Physics Mathematical Tools for NEET

As far as the NEET aspirants are concerned, one of the challenges they face while studying physics for the NEET exam is the mathematical operations and tools used at the time of solving numerical problems. However, this can be made easier if we learn the basic mathematical tools required in physics for the NEET exam.


In this article discussing the new and old mathematical tools in physics, we will see different physical constants and conversion coefficients that will come in handy while solving numerical problems. The importance of mathematics of tools like trigonometric functions of angles and their applications are discussed here. The application of differentiation and integration plays an important role in solving most of the physics problems in several chapters.


Now, let us move on to the important concepts and formulae of mathematical tools required in physics for the NEET exam, along with a few solved mathematical tools examples.

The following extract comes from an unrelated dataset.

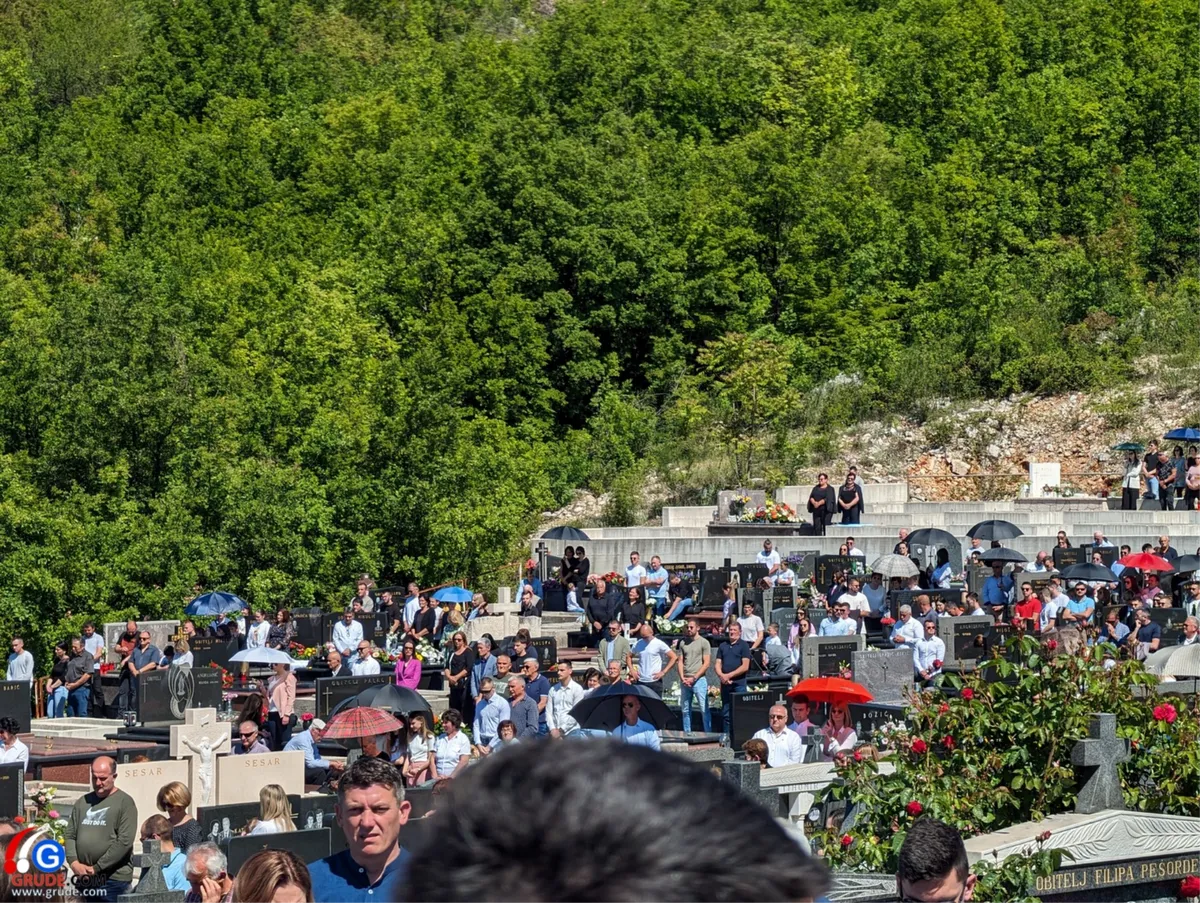 FOTO: BLAGOSLOV POLJA U GRUDAMA! Fra Stanko: U proljeće raste sve što posijemo, ali i korov, Bog nas želi očuvati od korova života! 8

Important Topics of Mathematical Tools

  • Quadratic equation

  • Binomial expansion

  • Important trigonometric identities.

  • Differentiation

  • Rules of differentiation

  • Applications of differentiation

  • Integration and its application

  • Definite integral

  • Integration Formulae


Important Concepts of Mathematical Tools

Name of the Concept

Key Points of Concept

1. Quadratic equation

  • A quadratic equation is a second-degree equation in which the highest power to which the variable is raised is to the power 2.

  • The quadratic equation form is given below where a, b and c are constants

$ax^2+bx+c=0$

  • The discriminant of the quadratic equation is given by,

$D=b^2-4ac$

  • The solution of the quadratic equation is given by,

$x=\dfrac{-b\pm\sqrt{b^2-4ac}}{2a}$

  • One of the applications of quadratic equations in physics is calculating the time when the ball kicked by reaches at a height H. Here, we will get two values of time t1 and t1 after solving the quadratic equations.


Quadratic equation example- when the ball kicked by reaches at a height H. Here, we will get two values of time t1 and t1 after solving the quadratic equations.

2. Binomial expansion

  • The pattern of binomial expansion is given by the binomial theorem as follows

$(a+b)^n=a^n+na^{n-1}b^1+\dfrac{n(n-1)}{2\times1}a^{n-2}b^2+\dfrac{n(n-1)(n-2)}{3\times2\times1}a^{n-3}b^3...~...+b^n$

  • Similarly, the expansion of (1+x)n is given by,

$(1+x)^n=1+nx^1+\dfrac{n(n-1)}{2\times1}x^2+\dfrac{n(n-1)(n-2)}{3\times2\times1}x^3...~...+x^n$

  • If the values x is very small, we can neglect the higher powers of x and rewrite the binomial expansion as

$(1+x)^n=1+nx$

3. Important trigonometric identities.

  • Trigonometric ratios has positive or negative values depending on the quadrant a given below


Trigonometric function signs

Image: Trigonometric function signs

  • Some of the important trigonometric relations are given below.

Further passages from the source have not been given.